Se niente importa lo trovate in tutte le librerie (Guanda, 2010), ve lo consiglio perchè tutto quello che dico è scritto meglio lì. Ve lo provo a spiegare a parole mie.

La cosa che mi è piaciuta del libro di Safran Foer è che inclusivo.
E’ scritto da un vegetariano, che però cambia (in parte) idea dopo le ricerche (che sono durate tre anni, nel caso)(SPOILER: Rimane vegetariano, ma si interessa di allevamento intensivo e macellazione. Una posizione apparentemente paradossale ma profondamente coerente (fra le altre cose, capisco ora anche Temple Grandin)).

L’atteggiamento che ti include nella discussione (soprattutto se mangi carne) è il motivo per cui lo consiglio a tutti.
Il libro non è privo di difetti (come tutti)(tranne Borges)(dai, scherzo), ma è davvero un ragionamento che tutti dovrebbero affrontare.
Perchè tutti mangiamo.
(sull’importanza di un atteggiamento inclusivo, coonsiglio anche questa TED talk sulla violenza (degli uomini) sulle donne, narrata da un uomo: la violenza sulle donne è un problema dei maschi in quanto vittime, non in quanto appartenenti ad un genere bastardo).

Un’altra cosa bella del libro è che spende qualche parola sulla possibile trasformazione.
(una festa del Ringraziamento senza tacchino è immaginabile, come sarebbe da noi un Natale senza tortellini (sul serio). Perchè l’importante sta da un’altra parte. Può costare qualche sacrificio, ma la cultura è fatta per evolvere).

Ma andiamo con ordine.

Il problema

Il problema lo chiamiamo, per semplicità, questione alimentare.
Il problema è che il problema (la questione alimentare) non si situa nel campo della razionalità: la carne è cultura, storia personale, storia comunitaria, identità (che è anche, ricordiamolo, parole per unità di tempo).
Lo dico in astratto e lo dico per me (da emiliano, da nipote e figlio di ottime cuoche (nonne meglio della mamma, come esigono gli déi), da italiano e occidentale normale).
A me, per esempio, piace la grigliata, prediligendo le costine e le salsicce senza aromi (soprattutto semi di finocchio) ben cotte; mi piacciono gli arrosticini (anche di pecora), adoro l’agnello di pasqua da mangiare con le mani, le lasagne, le tagliatelle al forno, i maloreddus con la salsiccia della nonna, il filetto all’aceto balsamico cotto nel lardo di colonnata (l’ho mangiato solo una volta ad un matrimonio)).
Credo nel valore culturale e storico della fiorentina, il ragù e le cotolette di mia nonna (quell’altra) che sfrigolano affogate in un mare di burro.

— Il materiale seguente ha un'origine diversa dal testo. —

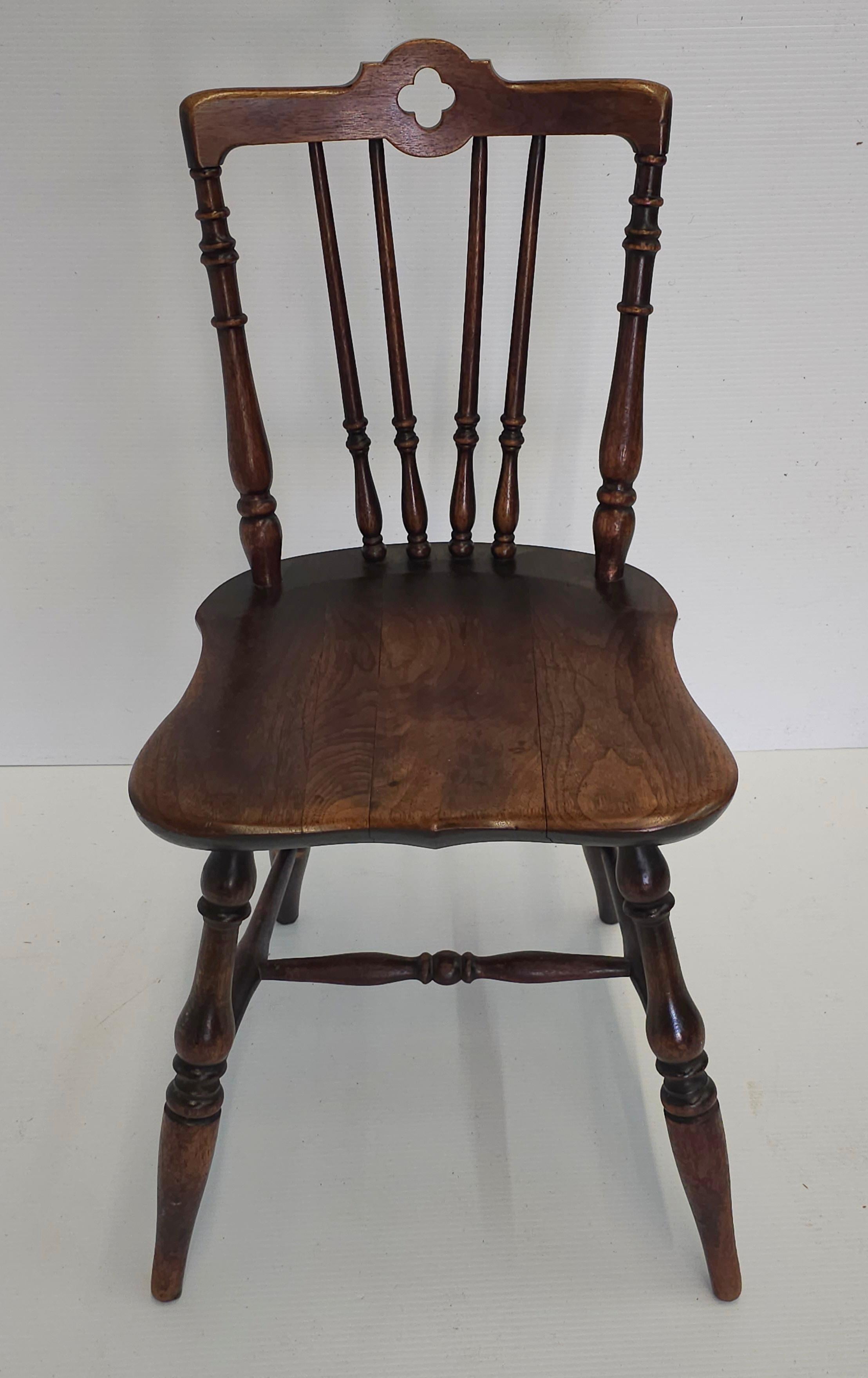 Paire de chaises d'appoint en acajou du XIXe siècle, de style champêtre anglais Bon état - En vente à Germantown, MD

Andare da Ermes per me è un evento, che riesco a concedermi solo poche volte l’anno. Amo poche cose come mangiare i tortellini crudi appena fatti da mia nonna Giovanna (quella delle cotolette).
(ricordo ancora l’ultimo giorno in Romania alcuni anni fa: la bunica che ci ospitava era tornata a casa, portando sacchetti pesantissimi, che andai prontamente a intercettare, ed i sacchetti erano veramente pesanti ed stranamente caldi. Erano quattro le famiglie ospitanti volontari italiani, e avevano ammazzato il maiale per noi.)
((ricordo anche la cena che i miei fecero per i medici, avevo dodici anni, ero stato due settimane in ospedale per non si sa bene cosa. Ricordo che mio padre fece una filastrocca per i medici divertentissima (la sirudéla), e io imparai a giocare a shangai con gli spiedini. Mia nonna Paola (quella dei maloreddus) aveva fatto ciò che fa meglio, cioè il pesce. (ha imparato in Sardegna (da lì i maloreddus), si è trasferita là quando era adolescente. La nonna crebbe lì, in Sardegna ha ancora tutti gli amici della sua gioventù, stanno tutti invecchiando, ma la chiamano ancora, passa l’estate ad andare a trovarli. Il polpo di patate con lo speck di mia nonna è una delle cose più buone del mondo.))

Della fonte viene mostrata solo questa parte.